#### What to work on
Print every line below exactly as written, but leave the pictures behind.

▽

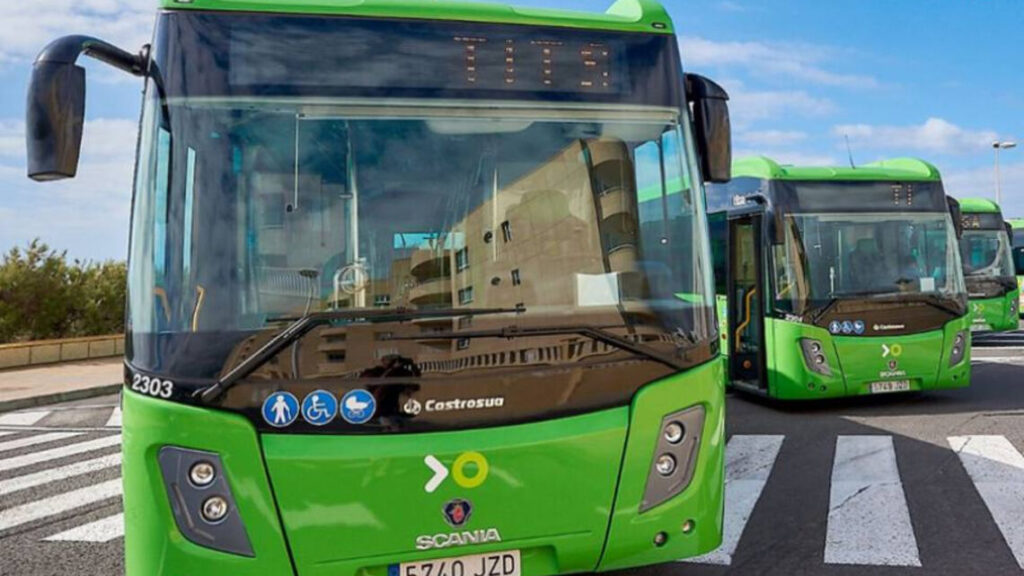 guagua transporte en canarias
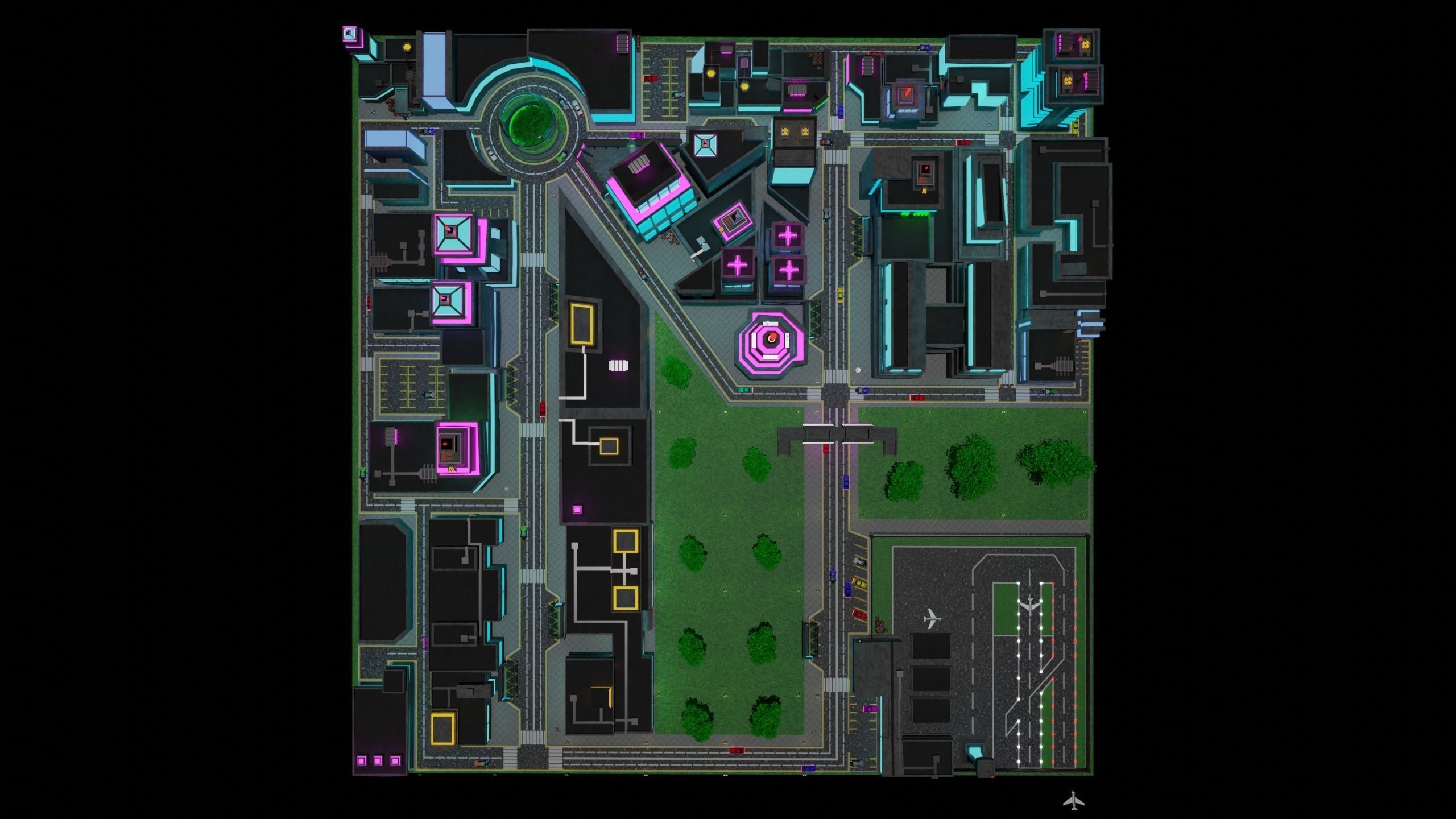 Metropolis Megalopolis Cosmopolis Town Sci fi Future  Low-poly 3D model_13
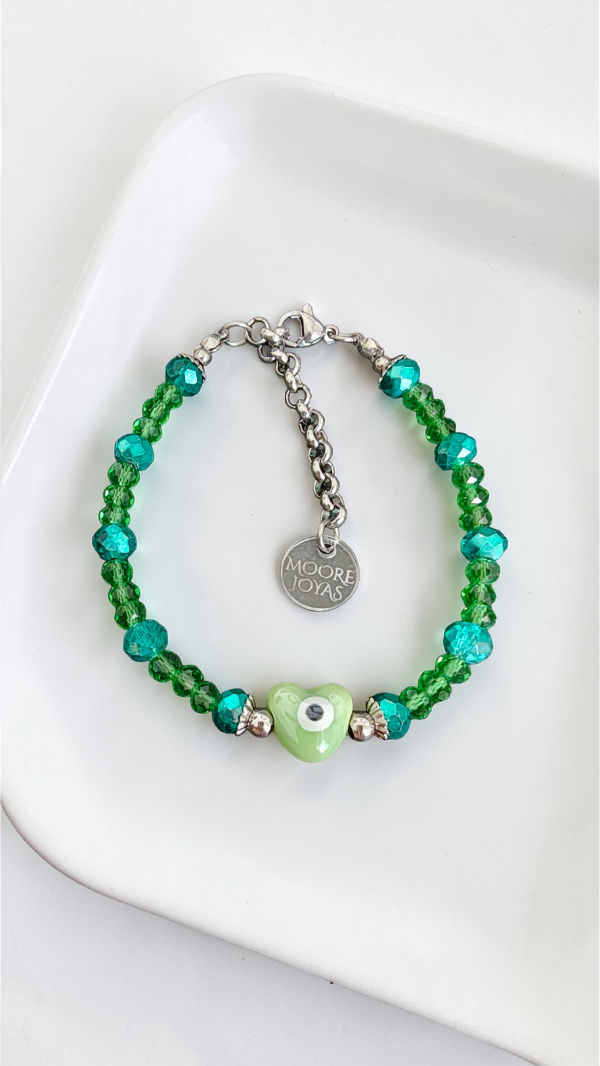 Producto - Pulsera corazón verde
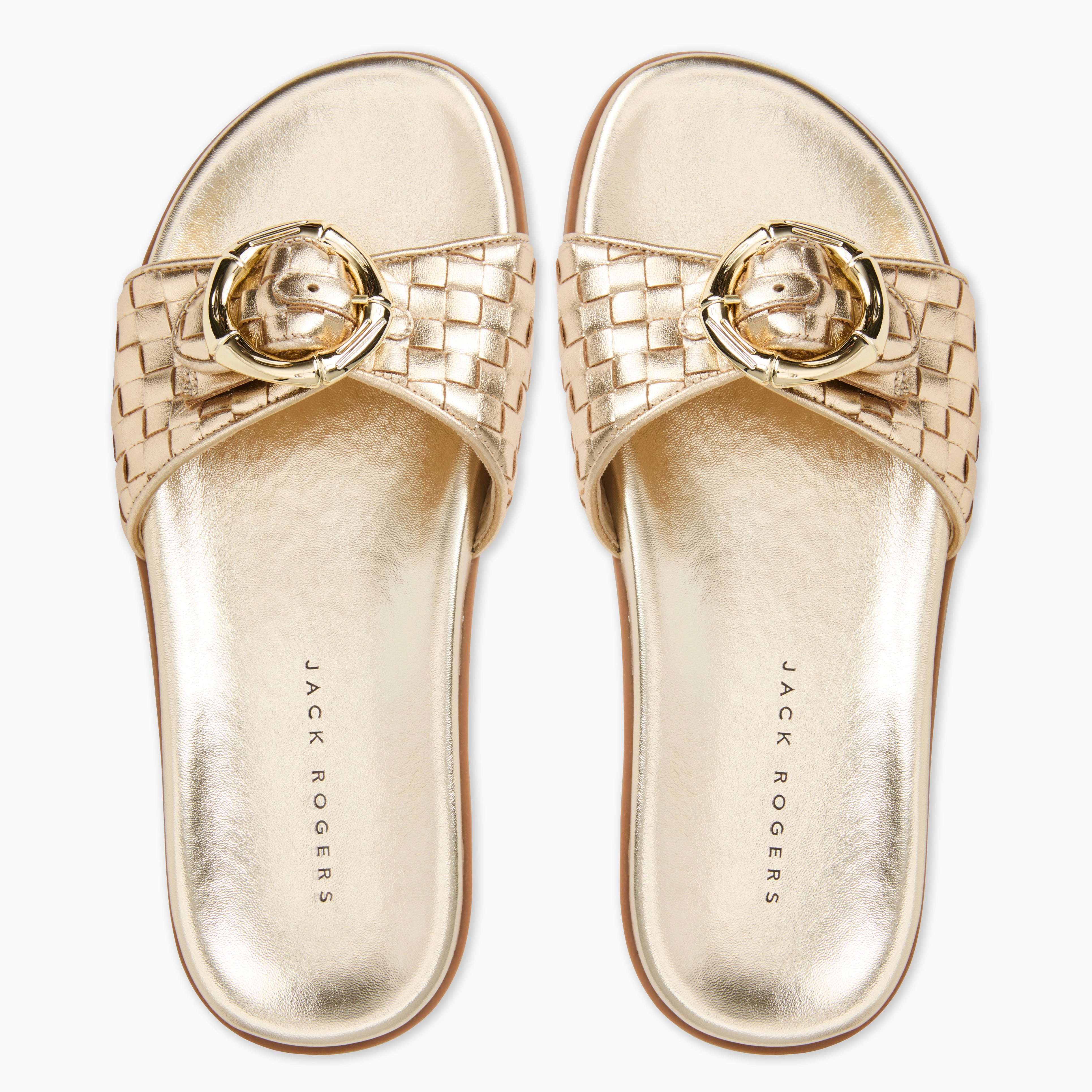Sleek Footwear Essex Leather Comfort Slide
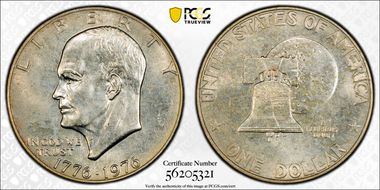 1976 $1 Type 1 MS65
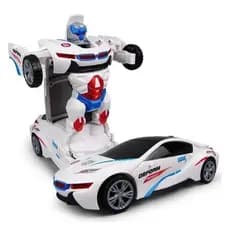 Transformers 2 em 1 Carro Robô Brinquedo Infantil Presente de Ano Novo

△

#### Output
 guagua transporte en canarias
 Metropolis Megalopolis Cosmopolis Town Sci fi Future  Low-poly 3D model_13
 Producto - Pulsera corazón verde
Sleek Footwear Essex Leather Comfort Slide
 1976 $1 Type 1 MS65
 Transformers 2 em 1 Carro Robô Brinquedo Infantil Presente de Ano Novo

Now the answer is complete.